SpeedScriber is a stand-alone, easy-to-use program that quickly takes audio files (either stand-alone or synced with video) and creates text transcripts from the content.
The transcriptions are not perfect; punctuation and proper names are most often in need of correction. But, the speed and flexibility of this system provide a valuable service when you need text now and it doesn’t need to be accurate.
NOTE: Speedscriber cautions that it “is designed for professional content creators who are transcribing audio or video files with well-recorded audio and destined for editing or distribution. It is not designed for transcription of meetings, lectures or interviews recorded with phones or voice recorders.”
The program itself is free, charges are based on the number of minutes for transcribed audio. Prices range from 37 to 50 US cents per minute, based upon the amount of time purchased.

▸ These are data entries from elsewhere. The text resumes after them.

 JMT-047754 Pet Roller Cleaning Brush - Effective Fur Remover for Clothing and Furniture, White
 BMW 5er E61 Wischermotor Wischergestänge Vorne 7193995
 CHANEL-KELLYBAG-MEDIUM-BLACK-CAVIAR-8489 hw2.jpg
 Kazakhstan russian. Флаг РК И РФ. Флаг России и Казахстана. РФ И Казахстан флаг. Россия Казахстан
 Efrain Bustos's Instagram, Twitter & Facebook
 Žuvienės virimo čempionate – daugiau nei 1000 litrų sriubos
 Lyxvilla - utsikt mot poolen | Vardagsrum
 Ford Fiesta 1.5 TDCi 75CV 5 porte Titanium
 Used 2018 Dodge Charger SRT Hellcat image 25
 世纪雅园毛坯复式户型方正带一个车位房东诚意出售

Developer: Digital Heaven, LTD
Mac App Store: id1101502006
Price: Free, charges apply for transcription time
(Click to view a larger image.)
One of the reasons I like SpeedScriber is that most of my editing these days is audio-only, for my weekly podcast Digital Production Buzz. Unlike other programs like SimonSays, Transcriptive, or Lumberjack System which are tightly integrated into video editing software, SpeedScriber works really well with individual audio files, as well as video.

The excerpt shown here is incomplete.